Admiral Shayell, the first Lord Pharos and founder of a line of noble lighthouse-keepers who would play a major part in the history of New Albion, is yet another example of how my interest in history intersected with my fiction writing. In some of my researches into naval history I had come across the history of a Royal Navy admiral by the name of Sir Clowdisley Shovell, who died in a shipreck among the Scilly Isles in 1707. Because of a story that he'd hanged a sailor as a mutineer for trying to warn him of the fatal navigation error that was sending the fleet onto the rocks, his name was getting used to pillory present-day bad bosses.
This bothered my historical sense, but at the time I wasn't motivated to do anything about it. Then I came across a portrait of the man, and suddenly he became a person to me and I cared about him. Even as I was researching historical sources in a search for the truth about his character, the story of the wreck was linking up with an old idea I'd had for a fantasy story about a girl who could hear dolphins and was being used to hunt a "unicorn" (narwhal).
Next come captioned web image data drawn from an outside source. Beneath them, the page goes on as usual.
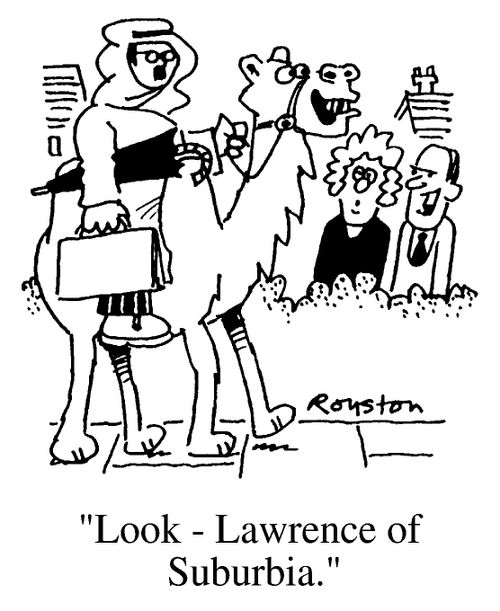Couple in garden, "Look - Lawrence of suburbia."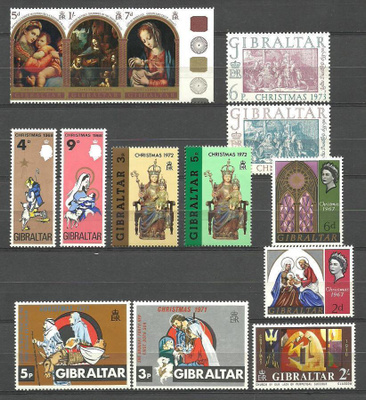 JOULU-aiheisia merkkejä, sarjoja GIBRALTAR **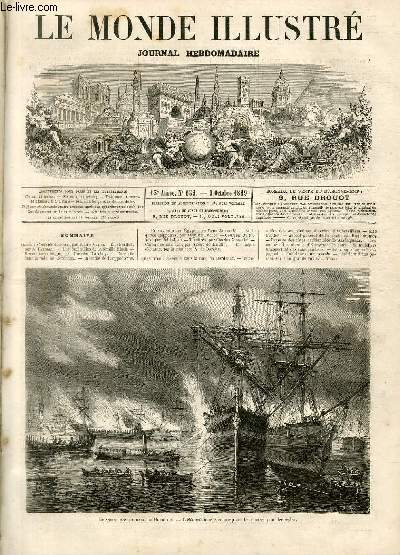 LE MONDE ILLUSTRE N652 - Incendie dans la rade de Bordeaux, L'Hirondelle n3 remorquant les navires pour les isoler.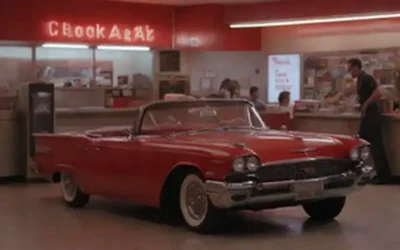 escena del restaurante de la década de 1950 con jukebox tocando música alta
Suddenly the story began to form in my mind of Rissa, a young orphan girl captured by a thief-taker, who sells her thief-bond to an admiral who has been ordered to capture a unicorn for the king. I used the alternate spelling "Cloudesley" for his first name and figured out a series of orthographic twists that could make the surname into "Shayell." As the character became a sort of magical alternate to the historical admiral, it seemed natural to set it in Ixilon, and specifically in New Albion.
So Rissa is in the icy North Atlantic, hating the admiral for his power over her, yet subconsciously growing fond of him. No sooner have they taken the unicorn's horn than they become lost in thick fog and storms. When the dolphins warn Rissa that they're not coming into Mandarkeel at all, but running straight at the rocks of Cape Cod, she knows she has to warn the admiral. Although he refuses to listen, he cuts her some slack because she is just a street urchin and couldn't possibly know that it's mutiny for common sailors to meddle in navigation. He sends her back on deck, warning her never to speak of their conversation again.
From there I took Rissa through the shipwreck and offered her the chance to murder the admiral and steal the emerald ring that held the spell binding her to him. I'd originally intended it to be a single story, but my mind kept grinding away at what would happen to them afterward. Suddenly I had at least three more stories in the works and their descendants were becoming major players in the later history of Ixilon, where most of my novels were set.
As usual, part of the creation of the stories included drawing scenes from them.
After the disastrous shipwreck that nearly took his life, Admiral Shayell was banished by royal command to the ancient tower not far from where his flagship went down. There he was commanded to transform this Old Ixilon ruin into a lighthouse that would guide mariners safely past the rocks and shoals.
After Shayell is banished to keep the lighthouse at the site of his disastrous shipwreck, he discovers that his curse enables him to do extraordinary things, like salvage diving.
This picture, set years after "Spiral Horn, Spiral Tusk," shows Admiral Shayell watching Rissa and their daughter playing with a dolphin. Because he lacks the magical gift of dolphin-speech which Rissa has passed to Rouwenza, he feels a certain wistfulness at what he can never share.
All pictures on this page copyright 1999, 2000 by Leigh Kimmel, all rights reserved.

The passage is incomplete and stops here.